An exact copy of every entry is needed, without any of the pictures.

*Data for processing*.
== Segment start ==

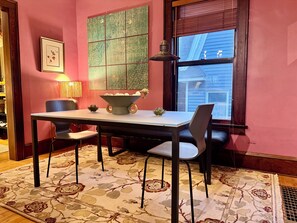 Dining - Cozy Zen Retreat by Lake Bde Maka Ska; perfect for getaways, families & friends (Minneapolis)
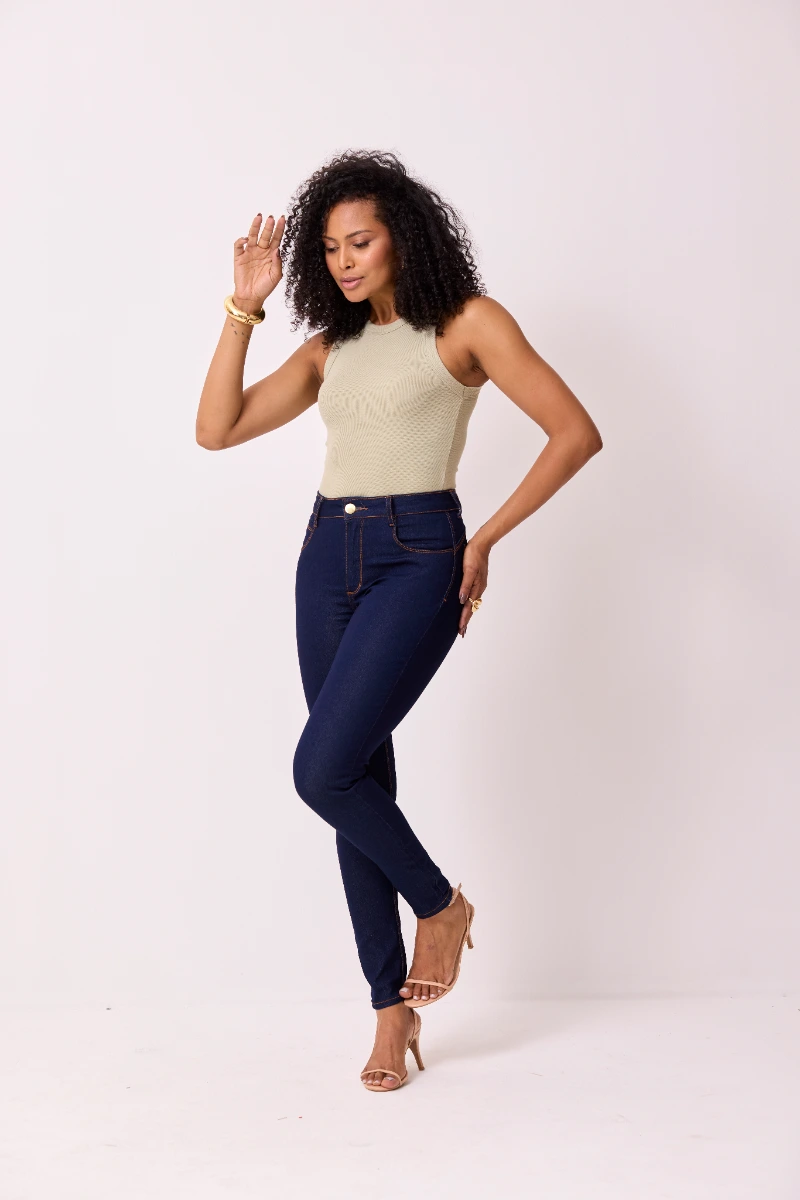 CALÇA CIGARRETE C/ DETALHE BASIC 3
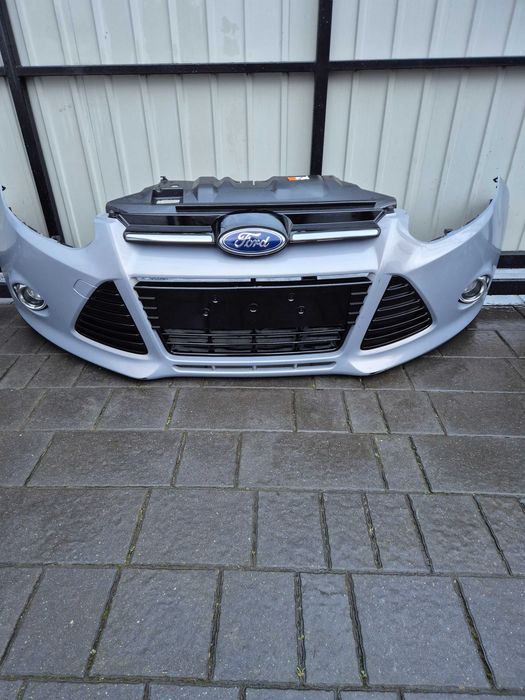 Zderzak przód przedni Ford Focus mk3 rok 12 kod lak LB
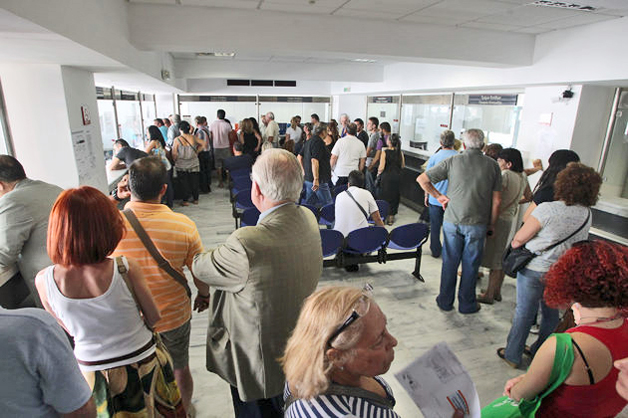Αυξήθηκαν οι μικροοφειλέτες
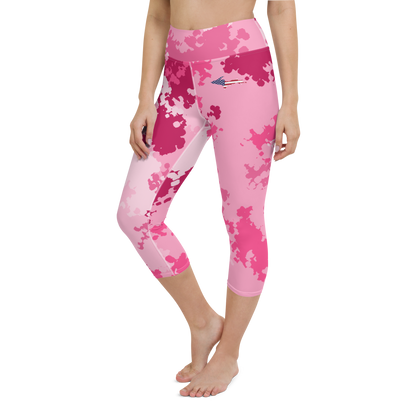 Michigan Upper Peninsula Yoga Capri Leggings (w/ UP USA Flag) | Pink Camo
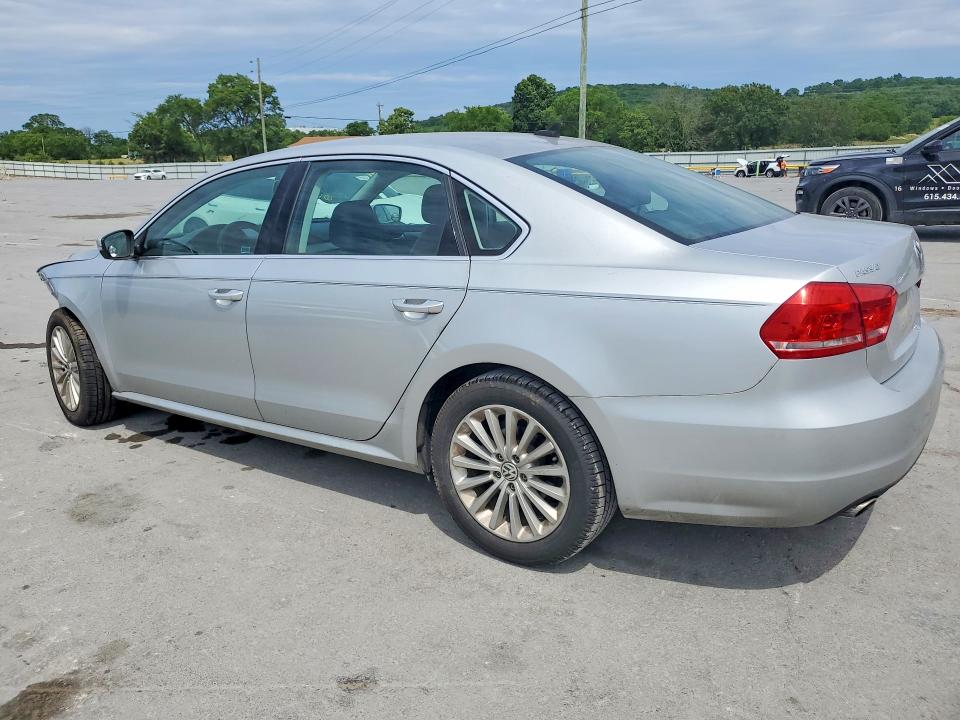 52375906 :رقم المزاد ، 1VWBV7A32FC075332 vin ، 2015 Volkswagen Passat مزاد بيع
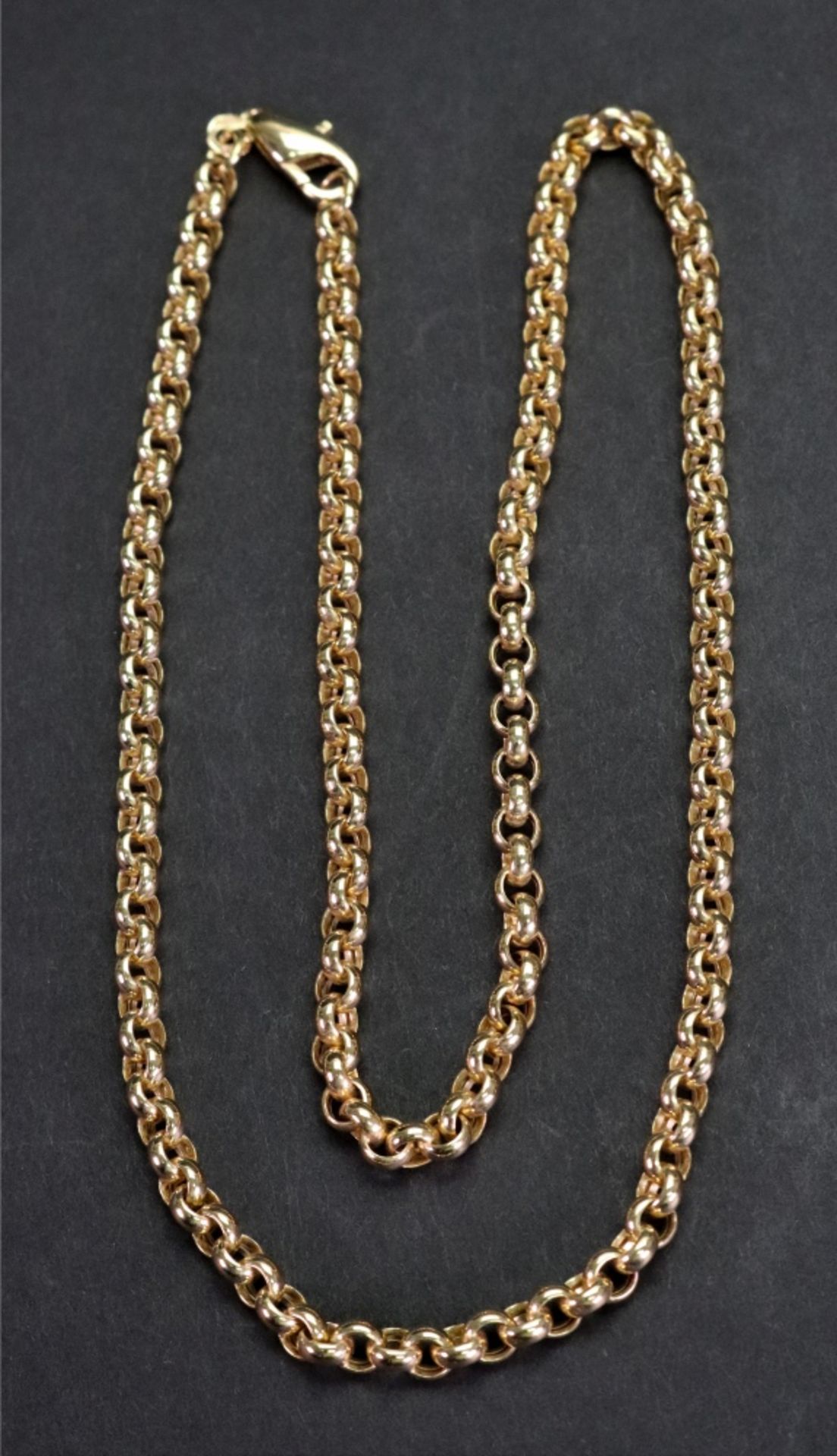 An Italian 9ct gold circular link necklace, to a lobster claw clasp, detailed 'Italy 9KT 375', 13.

== Segment end ==

*Response*.
 Dining - Cozy Zen Retreat by Lake Bde Maka Ska; perfect for getaways, families & friends (Minneapolis)
 CALÇA CIGARRETE C/ DETALHE BASIC 3
 Zderzak przód przedni Ford Focus mk3 rok 12 kod lak LB
Αυξήθηκαν οι μικροοφειλέτες
 Michigan Upper Peninsula Yoga Capri Leggings (w/ UP USA Flag) | Pink Camo
 52375906 :رقم المزاد ، 1VWBV7A32FC075332 vin ، 2015 Volkswagen Passat مزاد بيع
 An Italian 9ct gold circular link necklace, to a lobster claw clasp, detailed 'Italy 9KT 375', 13.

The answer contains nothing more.